Exercise input —
BEGIN

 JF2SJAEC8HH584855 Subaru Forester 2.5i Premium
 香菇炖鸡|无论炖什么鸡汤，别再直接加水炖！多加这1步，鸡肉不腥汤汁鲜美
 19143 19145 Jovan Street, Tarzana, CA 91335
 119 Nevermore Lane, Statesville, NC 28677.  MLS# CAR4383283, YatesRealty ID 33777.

END
BEGIN

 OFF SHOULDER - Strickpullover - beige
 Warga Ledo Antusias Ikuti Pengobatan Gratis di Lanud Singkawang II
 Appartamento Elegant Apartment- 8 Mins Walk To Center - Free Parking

END
BEGIN

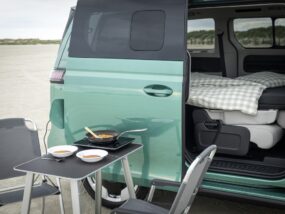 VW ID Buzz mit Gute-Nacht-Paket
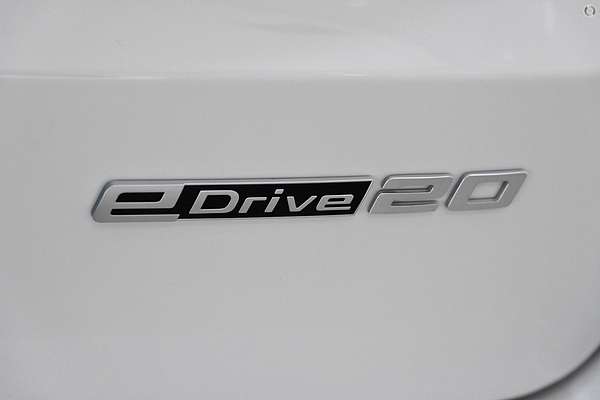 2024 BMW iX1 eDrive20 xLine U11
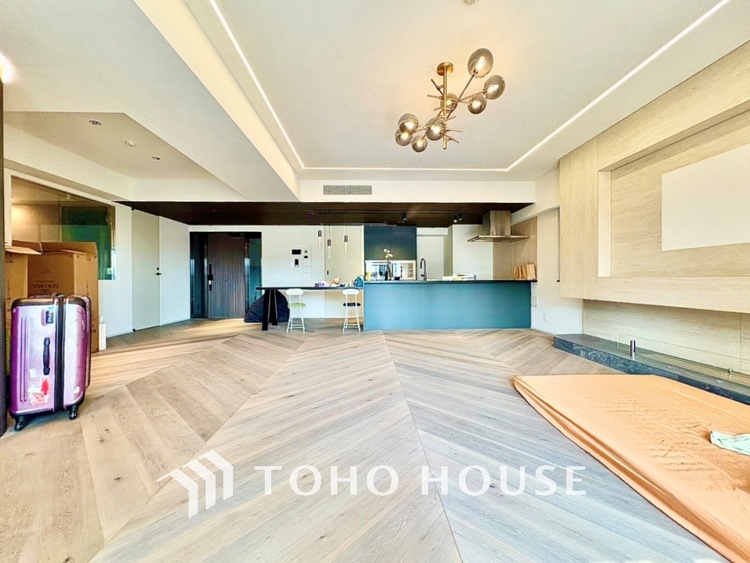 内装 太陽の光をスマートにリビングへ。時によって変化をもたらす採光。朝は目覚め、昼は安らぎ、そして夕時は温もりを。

END

Action item — Set down, exactly as written above, each line from the one with "VW ID Buzz mit Gute-Nacht-Paket" through the one with "内装 太陽の光をスマートにリ", and skip the pictures.

Result for this task —
 VW ID Buzz mit Gute-Nacht-Paket
 2024 BMW iX1 eDrive20 xLine U11
 内装 太陽の光をスマートにリビングへ。時によって変化をもたらす採光。朝は目覚め、昼は安らぎ、そして夕時は温もりを。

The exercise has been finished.